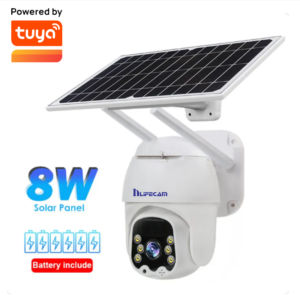 8W Solar Panel WIFI Camera 360 PTZ Outdoor Wireless IP Camera With Battery Power 3MP HD Color Night Vision Camera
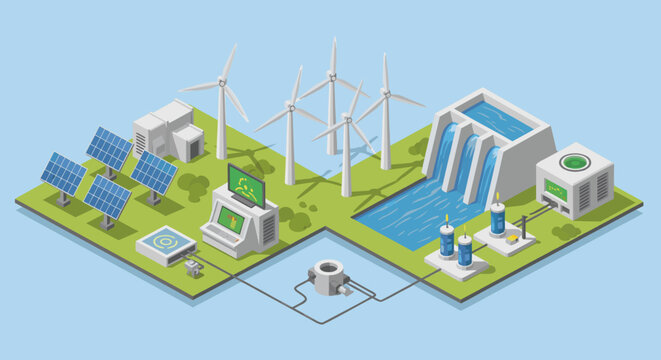 Discover sustainable energy solutions with this modern illustration of solar panels, wind turbines, and hydroelectric dams for a cleaner tomorrow and a greener future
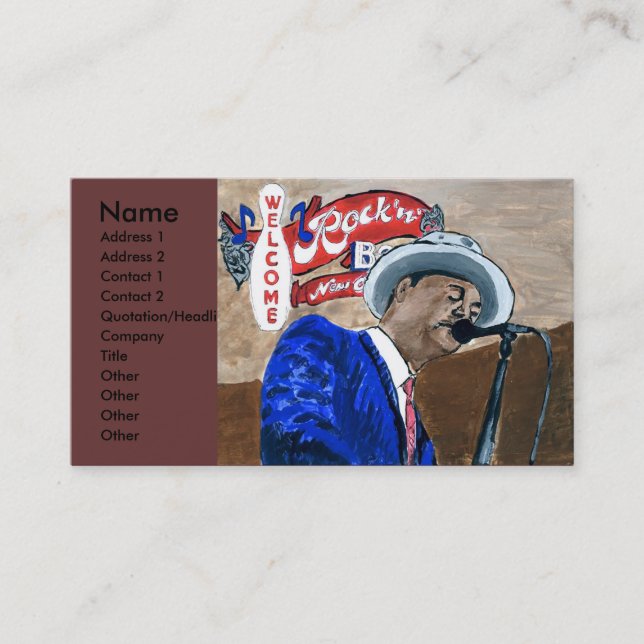 Blues Singer, Visitenkarte (Vorderseite)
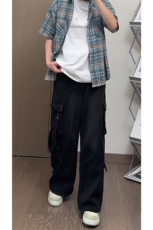 26春款工装风潮流百搭长裤多口袋设计个性小众牛仔裤K666TP65，男装牛仔裤，电商A102B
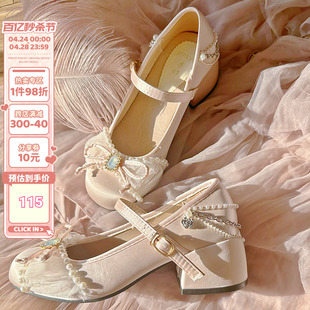 PINKYO原创法式玛丽珍鞋甜美仙女蝴蝶结浅口单鞋女圆头粗跟高跟鞋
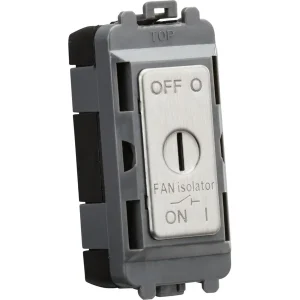 10A Fan Isolator Key Switch Module - Brushed Chrome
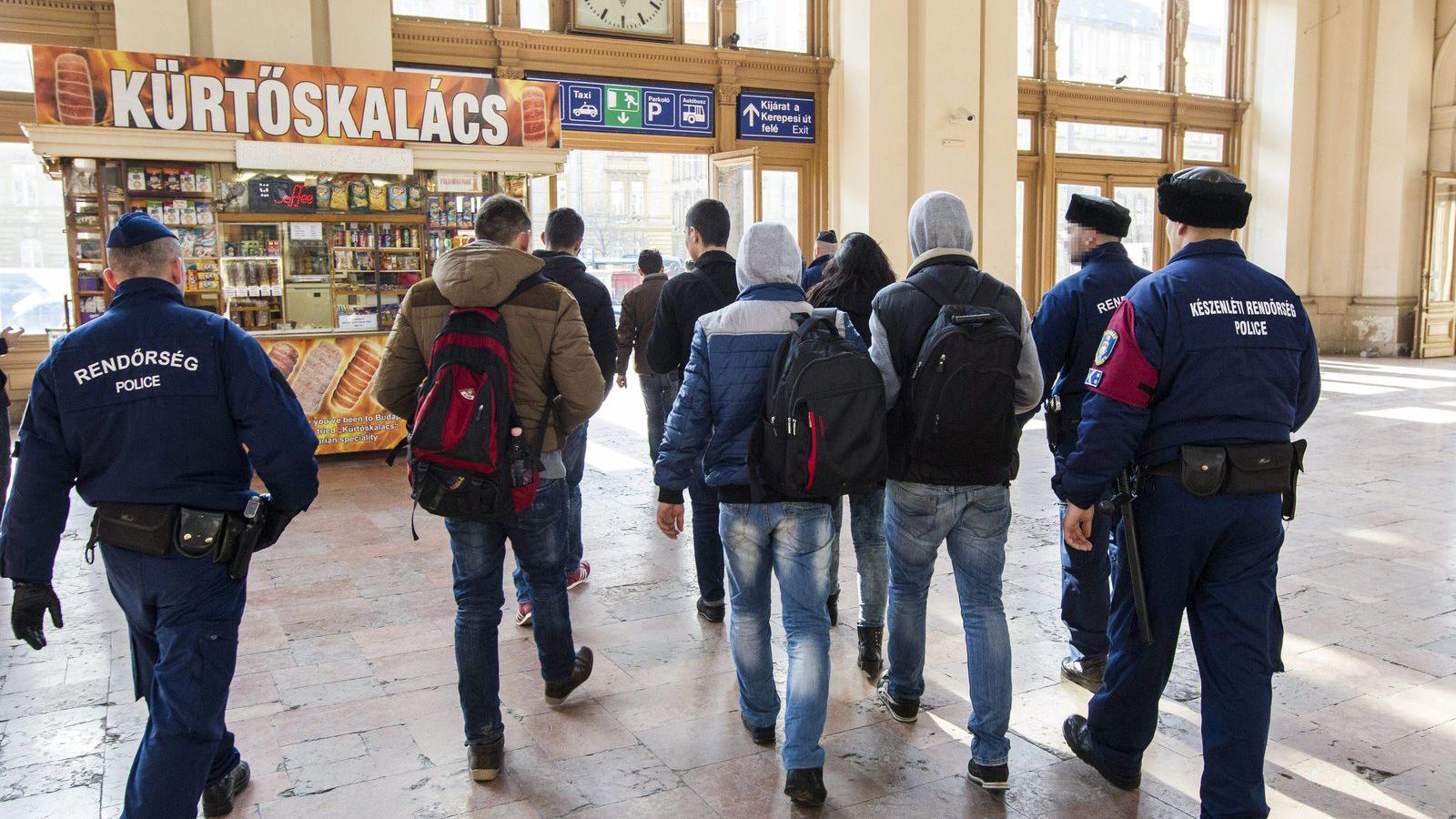 Intézkedő rendőrök elviszik a Keleti pályaudvarról a  vélhetően koszovói állampolgárságú határsértőket 2015. február 5-én. MTI F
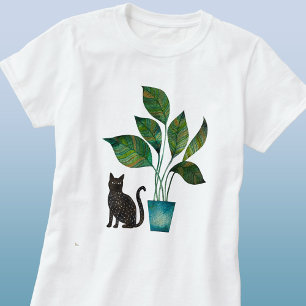 Kat met Potted Plant Waterverf T-shirt
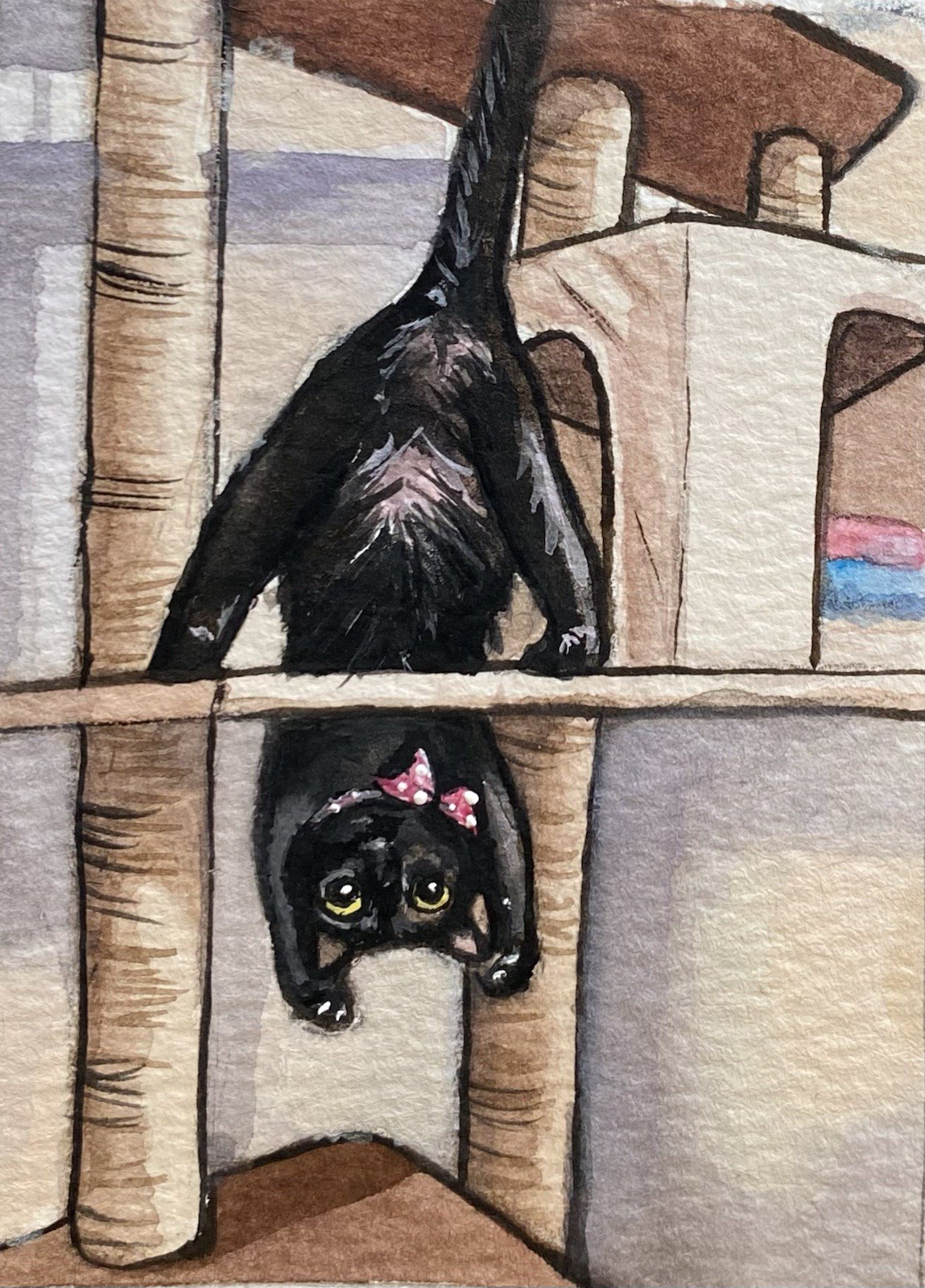 ACEO 100% Hand Painted Original Mixed Media Painting Art Playful Cat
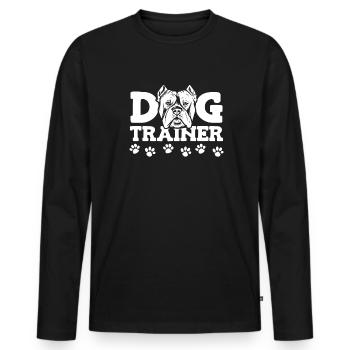 Hundetrainer Hundetrainer - Männer Premium Bio Langarmshirt - Schwarz - Vorne - Nico (187cm)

## WHAT YOU HAVE TO DO
Skip every picture. Repeat word for word the lines from the line holding "26春款工装风潮流百搭长裤多" through the end of the entries above.

## SOLUTION TO THIS TASK
 26春款工装风潮流百搭长裤多口袋设计个性小众牛仔裤K666TP65，男装牛仔裤，电商A102B
 PINKYO原创法式玛丽珍鞋甜美仙女蝴蝶结浅口单鞋女圆头粗跟高跟鞋
 10A Fan Isolator Key Switch Module - Brushed Chrome
 Intézkedő rendőrök elviszik a Keleti pályaudvarról a  vélhetően koszovói állampolgárságú határsértőket 2015. február 5-én. MTI F
 Kat met Potted Plant Waterverf T-shirt
 ACEO 100% Hand Painted Original Mixed Media Painting Art Playful Cat
 Hundetrainer Hundetrainer - Männer Premium Bio Langarmshirt - Schwarz - Vorne - Nico (187cm)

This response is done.